Hi Gary sensei. Hmm..... a rebuttel:

Points well taken. No, I really do not know what my response would be to an unprovoked attack. My response was to Van sensei's supposition, a right (or left) overhand or round house of some sort.

Outside of a few schoolday skirmishes, I've never had anyone really want to tangle with me. Perhaps it is my demeanor and size - 6'2" and 200lbs, the way I carry myself, luck, who knows. But, I believe that training in some gross muscle memory that just might work in a pinch is a good idea. There are others that I work on for a low 'tackleing' attack, grab from behind, all out of kata and bunkai that we practice often.

Also, the assumption you and others make is that the response is a fair fight 'empty hand' defense, to which I say 'bullsh*t! I've got way to much gray hair to want to engage in a fight with a punk.

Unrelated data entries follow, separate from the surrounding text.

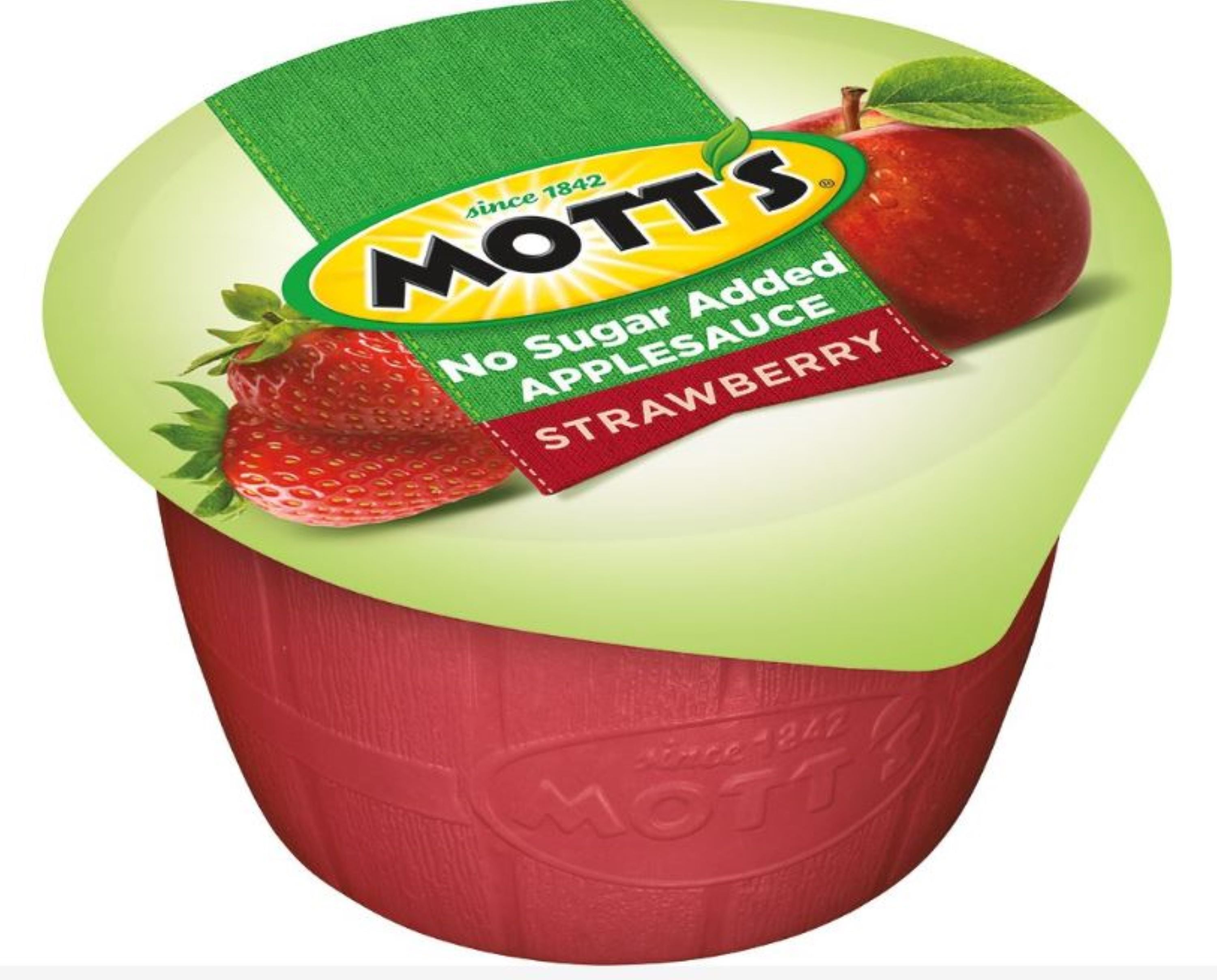 Motts Apple Sauce Strawberry Unsweetened Tub 4.5 Ounce Size - 72 Per Case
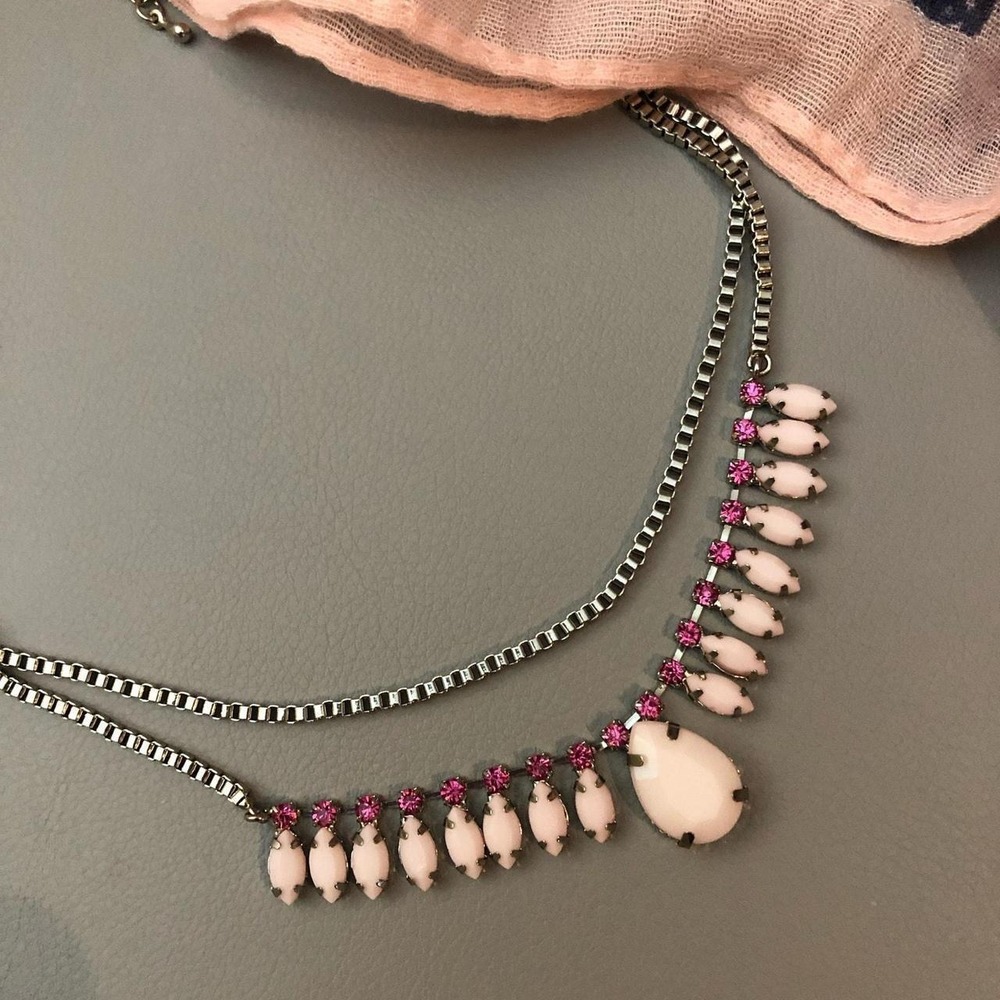Vintage beautiful light pink gemstones double layer choker necklace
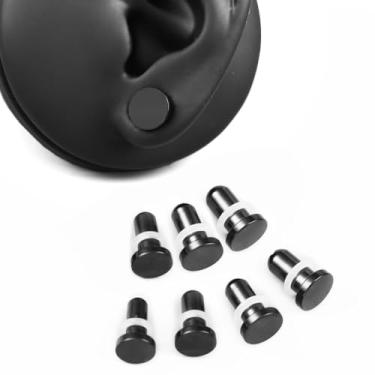 Imagem de Casvort 12 peças incrementos de 0,5 mm 16g-6g confortável sem dor alargador único alargador preto morto, retentor de bala de septo de aço cirúrgico 316, kits de alongamento de lóbulo de orelha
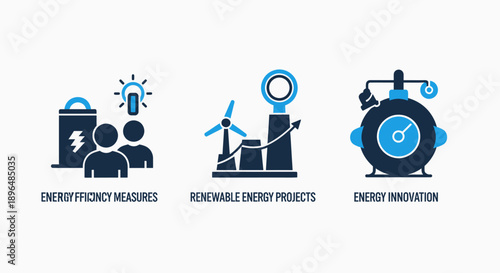 Icons for energy sector: efficiency, renewable projects, innovation and time management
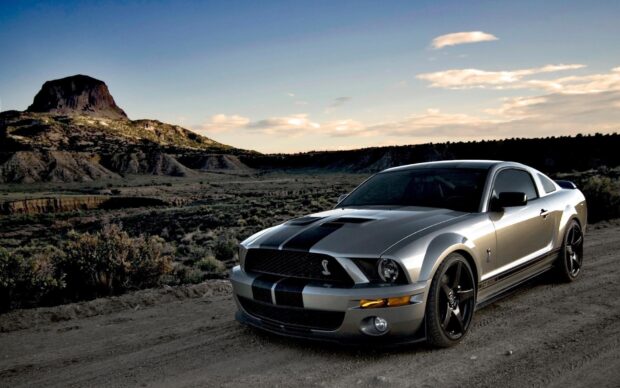 Silver Shelby Ford Mustang with black racing stripes parked on mountain dirt road at sunset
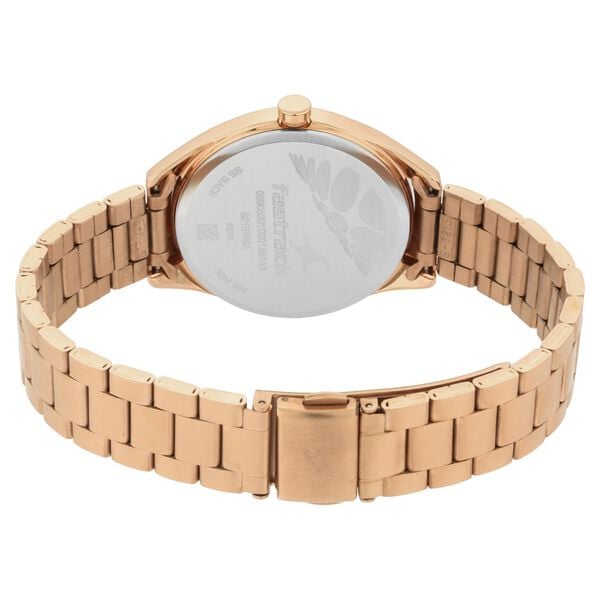 Fastrack 6215WM01 Quartz Analog Rose Gold Dial with Stainless Steel Strap Watch for Women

I long ago appreciated the advantages of a weapon, be it a pocket stick, something with an edge, something a little longer in reach..... and some working knowledge of where the really nasty pressure points are.

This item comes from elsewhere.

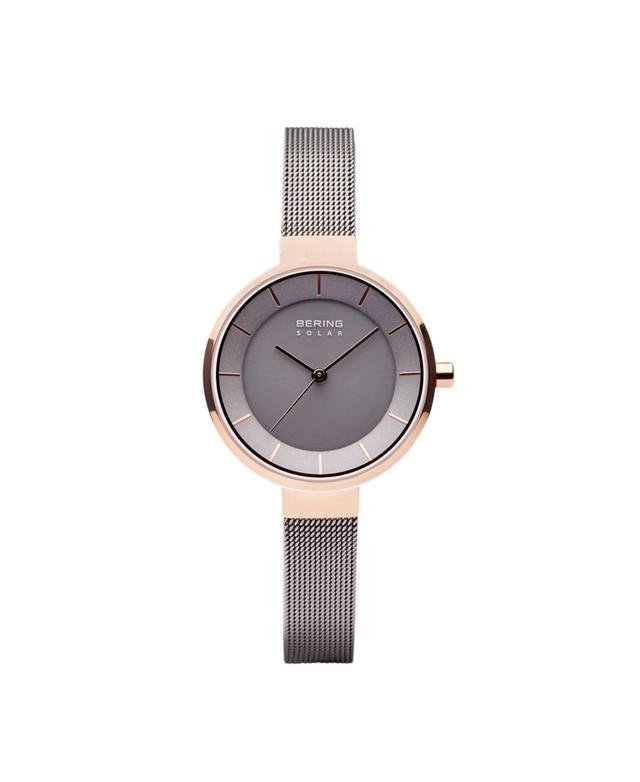 Bering Ladies Slim Solar Case Mesh Watch - Gray Product Image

The #1 reason I come to camp, other than to enjoy the great time of just being there with all of you, is to spend time with the likes of Raffi D. sensei and Evan P. sensei and others who can show me how to 'defang' would be attackers. (Van, if you read this please spend a little time with me at camp to be certain I am developing the proper mindset.)

Also, in the great Commonwealth of Virginia, law abiding citizens such as myself are allowed to carry something a bit more interesting than a swiss army knife. Anyone attempting to do bodily harm to myself or loved one is definitely going to see a bright light. Even my instructor, Bill Glasheen sensei, sees value in a 'projectile' weapon and thoroughly enjoys it when I take him out to the range for practice. For all I know, he is a closet member of the NRA! Oh my, I'm on a soapbox......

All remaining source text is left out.